В мудрецах больше всего, может быть, и озадачивает эта болезненная неприязнь к миру и человеку. Неприязнь эта, коренясь, как показано, в их религиозной ограниченности, по природе своей — не столько логическое развитие философской системы, сколько, стоит лишний раз подчеркнуть, агрессивная экспансия какой-то личной, образной, поэтической установки. Что это, однако, за поэзия? Она горяча и суха, как раскаленный песок. Она — мертворожденная, творческой потенции в ней нет, она враждебна живому творчеству, если сталкивается с ним. Перед мудрецами закрыты красоты и мощь мира, его краски и звуки. Взамен развита повышенная чуткость к недобрым импульсам собственной души. «Дух разумения» творит из этого сухого жара собственную вселенную, стеной неотзывчивости и глухоты отгораживая премудрость от Божьего мира.
Мир их обделен мощью и красотой — зато в нем нет ничего слишком неожиданного, страшного, не вмещающегося в рамки скорого успокоительного понимания. Нет того, в чем люди не любят себе признаваться. Нет отчаяния, которого не измерить, положив на аршин готовых истин, но которое можно лишь пережить на свой страх и риск, испив до дна. Словом, нет в их мире того, о чем гремят в ушах мудрецов вопли Иова.
Вот и разгадка их мудрости: трусость — и проистекающее из нее бессилие. Отсюда и ненависть к мирозданию. Ведь и по-латыни, к примеру, импотенция — не просто бессилие, но и ярость, бессилие яростное; два этих состояния родственны между собой.
Мудрецы не способны ощутить жизнеутверждающую игру творческих сил в этом мире. Трагедию же этого мира, его угрозы, его неустроенность, несправедливость — они увидеть боятся, хотя в тайне души ничего, кроме несправедливости, в этом мире не знают. И вот они привносят в этот мир свою отвлеченную справедливость.
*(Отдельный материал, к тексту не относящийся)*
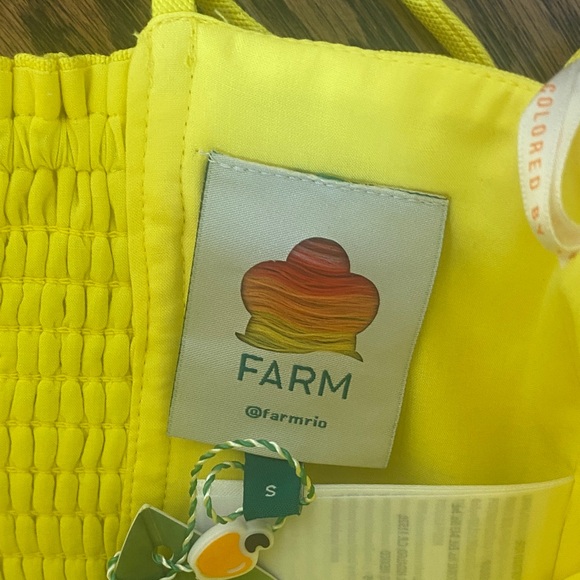 Farm Rio bright Yellow shell Top - Picture 3 of 5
Такой настрой мысли, однако, неизбежно чреват утопией. Действительно осуществление справедливости мысленно переносится в будущее. И тут-то зло, от которого в настоящем ханжески отворачивались, отомстит за себя: оно угнездится в бессознательном — и выскочит на поверхность в этой самой мечте о будущем.
И когда к будущей справедливости обращаются Вилдад и Сафар — удивительное дело: вдруг куда-то проваливается ровно половина их справедливости,— награда праведным! Остается одна только, втайне милая их сердцу,— кара для нечестивых. Пир жестокости: беспросветное механическое воздаяние, смакование казни.
А глаза беззаконных истают, и убежище пропадет у них, и надежда их исчезает (II.20). — Да, свет у беззаконного потухнет, и не останется искры от огня его (18.5).— ...он попадет в сеть своими ногами и по тенетам ходить будет. Петля зацепит за ногу его, и грабитель уловит его. Скрытно разложены по земле силки для него и западни на дороге (18.8-10).— Змеиный яд он сосет; умертвит его язык ехидны. Не видать ему ручьев, рек, текущих молоком и медом (20.16). — Все мрачное сокрыто внутри его; будет пожирать его огонь, никем не раздуваемый (20.26).